Krish stifled a feeling as his brain fought to keep logic in charge of his train of thought. A feeling of being helpless and alone so far from anything he’d ever thought of as home. He considered for a few moments. Much of the view was obscured by the mountain. Would it take long to reach the top? He didn’t want to start heading down and realise that he’d missed some grand civilisation. He turned and looked behind him. A ridge of coarse yellow rock ran between two peaks, maybe ten, twenty metres up from where he was standing.
He climbed up, his hands struggling to grip the dusty rock, and found himself looking over the ridge.

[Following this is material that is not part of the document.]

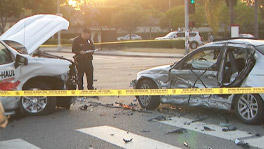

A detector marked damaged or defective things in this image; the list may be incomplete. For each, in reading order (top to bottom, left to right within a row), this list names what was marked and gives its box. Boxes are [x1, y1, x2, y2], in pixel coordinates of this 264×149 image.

damaged silver bmw [0, 14, 77, 116]
damaged white car [0, 14, 78, 116]
damaged silver bmw [132, 39, 264, 124]
damaged white car [133, 39, 264, 124]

The sun was behi
nd him now, just peeking over the ridge and casting long shadows on tiny shapes that littered the land below. Caught in the low light of the sinking sun were a number of sandy-coloured huts that blended into the landscape and ahead of them a cluster of khaki canopies, a flurry of activity in front of them, dust rising up into the air, way above the ramshackle town he was apparently observing. He squinted to make out tiny figures and there, on the edge of the collection of minuscule structures, he saw a mighty palace of pointed black turrets. Its long shadow was almost pointing straight up at him. There must be some incredible heat coming off the palace as he was certain it shimmered slightly. As if it was not entirely solid.
Far beyond the palace Krish was certain he could make out the silhouette of a tree. The fading light must be playing tricks with his eyes; how could a tree be so big that he could make out branches and even leaves from so far away? And it looked like there was some other gigantic object protruding from one of the branches.
He blinked unbelievingly and looked from side to side. Here and there were patches of green springing out of the landscape, chasing rivers which snaked through otherwise dead lands. Looking behind him, away from the sun, there were slim mountains that looked more like ginormous darts, reaching so far up that they overlapped with the curve of star-dotted darkness that was the spreading blanket of night. Shadows no bigger than grains of sand drifted across the land below. People? Creatures? Whatever they were, they were dwarfed by this world, tiny though he was assured it was.
Krish stared back towards the palace and the town. If he was looking for a king, a palace was the obvious choice. He began to head in that direction.
The sun was an enormous ball of an orange so deep in hue (yet somehow not quite red) that Krish was convinced he was seeing a colour he had never seen before. It was heading towards the horizon with such furious speed that he feared it would crash into the ground and crack this tiny world in two.